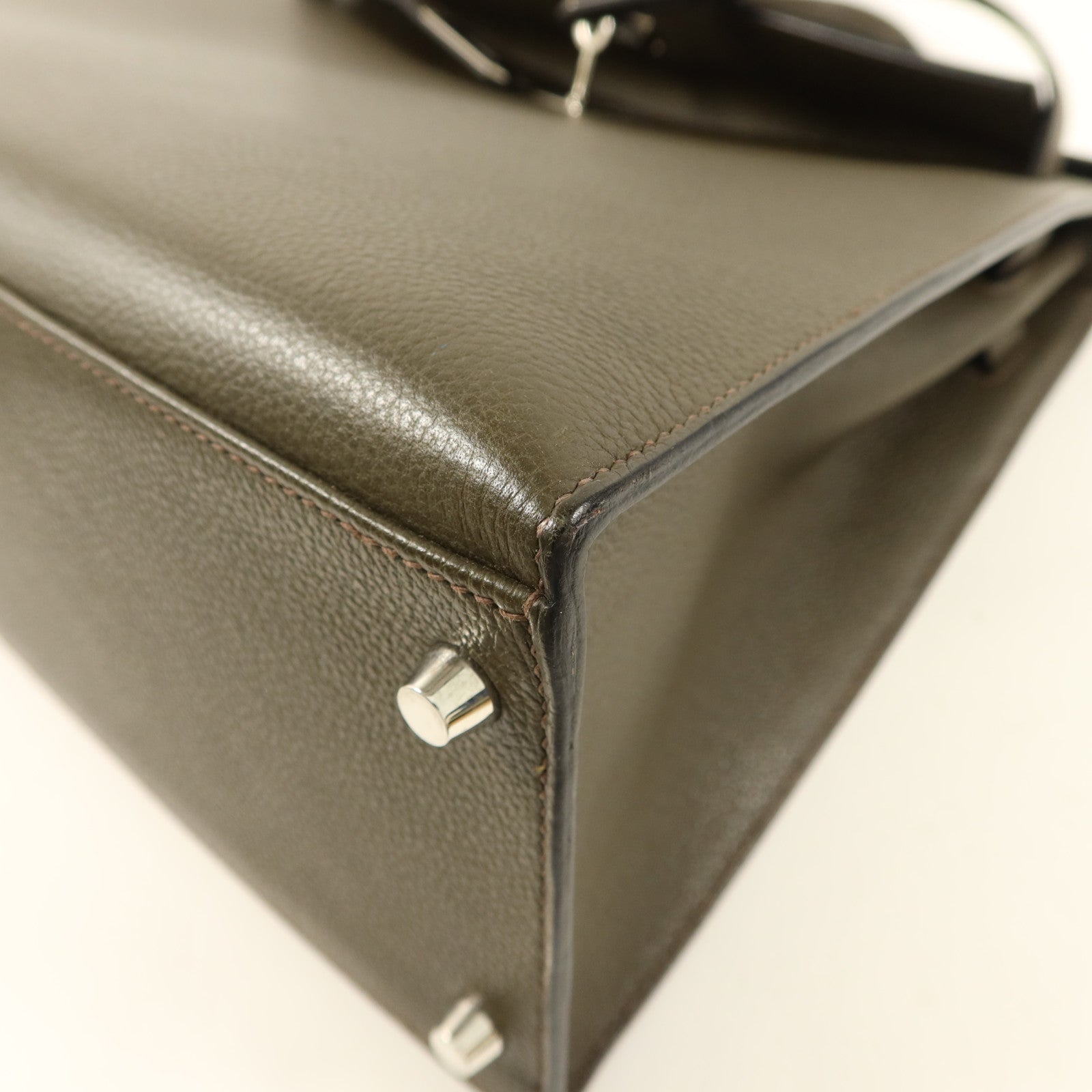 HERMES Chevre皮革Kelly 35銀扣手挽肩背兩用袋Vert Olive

______

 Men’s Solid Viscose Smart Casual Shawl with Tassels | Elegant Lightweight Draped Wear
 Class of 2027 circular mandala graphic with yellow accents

______

WORK INSTRUCTIONS: Considering only the material above, set down every line from the one with "Men’s Solid Viscose" to the one with "Class of 2027", inclusive, exactly as written.

RESULT FOR THIS TASK:
 Men’s Solid Viscose Smart Casual Shawl with Tassels | Elegant Lightweight Draped Wear
 Class of 2027 circular mandala graphic with yellow accents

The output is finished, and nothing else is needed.